# Night time ice fishing for walleyes!



## sevenmmm (Mar 1, 2011)

This fishing adventure was very interesting. Eagles awaiting to be fed, deep orange sunset, noisy ice expansion sounds, and a very bright full moon, made for a long-lasting memory. 

I wanted to share some of the visuals with you, seen by clicking on the link below.

Oh yeah, I caught some walleyes!

[ame]http://www.youtube.com/watch?v=KASuFRe3yo4[/ame]


----------



## Micheal (Jan 28, 2009)

Must be nice to have ice thick enough for fishing......
To give you an idea on how little ice we have around here; there is a place near here called Miller's Mills.

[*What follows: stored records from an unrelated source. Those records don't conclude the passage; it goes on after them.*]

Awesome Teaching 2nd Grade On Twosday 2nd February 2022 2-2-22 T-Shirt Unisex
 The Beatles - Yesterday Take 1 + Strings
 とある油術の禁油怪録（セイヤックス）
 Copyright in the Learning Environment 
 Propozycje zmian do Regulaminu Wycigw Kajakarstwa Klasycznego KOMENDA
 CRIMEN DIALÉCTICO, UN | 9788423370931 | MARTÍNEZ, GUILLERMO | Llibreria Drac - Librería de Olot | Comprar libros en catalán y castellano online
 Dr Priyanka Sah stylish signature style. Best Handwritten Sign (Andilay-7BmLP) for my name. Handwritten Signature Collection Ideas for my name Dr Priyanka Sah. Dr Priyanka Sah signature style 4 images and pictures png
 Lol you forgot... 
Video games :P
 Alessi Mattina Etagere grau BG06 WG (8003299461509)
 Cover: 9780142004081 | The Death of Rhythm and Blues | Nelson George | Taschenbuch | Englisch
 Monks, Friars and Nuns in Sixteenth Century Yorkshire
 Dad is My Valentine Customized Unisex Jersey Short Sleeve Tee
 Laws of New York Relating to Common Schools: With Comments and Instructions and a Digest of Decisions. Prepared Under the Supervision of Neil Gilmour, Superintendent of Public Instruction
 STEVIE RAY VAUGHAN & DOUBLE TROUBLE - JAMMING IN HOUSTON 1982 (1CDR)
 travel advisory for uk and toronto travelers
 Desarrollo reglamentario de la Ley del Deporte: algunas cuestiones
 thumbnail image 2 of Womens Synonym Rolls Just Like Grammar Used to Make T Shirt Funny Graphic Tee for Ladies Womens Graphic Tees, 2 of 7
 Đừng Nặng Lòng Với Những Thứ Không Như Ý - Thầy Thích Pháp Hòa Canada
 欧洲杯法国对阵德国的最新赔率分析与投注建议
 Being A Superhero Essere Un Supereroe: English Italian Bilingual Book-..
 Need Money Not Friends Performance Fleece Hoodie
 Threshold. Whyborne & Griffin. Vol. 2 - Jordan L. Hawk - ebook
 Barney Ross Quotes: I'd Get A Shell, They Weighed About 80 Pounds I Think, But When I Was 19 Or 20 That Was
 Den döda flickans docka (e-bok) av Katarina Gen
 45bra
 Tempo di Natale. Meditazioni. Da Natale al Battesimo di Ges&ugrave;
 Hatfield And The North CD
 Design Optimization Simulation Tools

Every year since time began - at least there - they harvested ice using large ice saws, picks, tongs, and even horses from the community pond; storing it in the ice house, covering it with sawdust, etc.. It's quite the time with everyone who wants to pitching in for the old fashion harvesting of the ice. 
Then come every summer they have a huge strawberry festival using the ice from the "ice house" in numerous ways. 
Both events are a ball and loads of fun.
All but this year - the Feb 12th ice harvesting has been cancelled due to the lack of safe thick ice!!!!!!!
Plans for this summer's event is???????

So be thankful for the ice you have to enjoy......


----------



## sevenmmm (Mar 1, 2011)

Yeah, the moon was beautiful. Tell your husband to get the gear ready for next month...

Sorry to read about the lack of ice. Yes, I really do feel fortunate. The same spot that has 14 inches of ice this month had 28 inches last year.

I put together another movie last night, named it sheepshead, most of you are going to hate it!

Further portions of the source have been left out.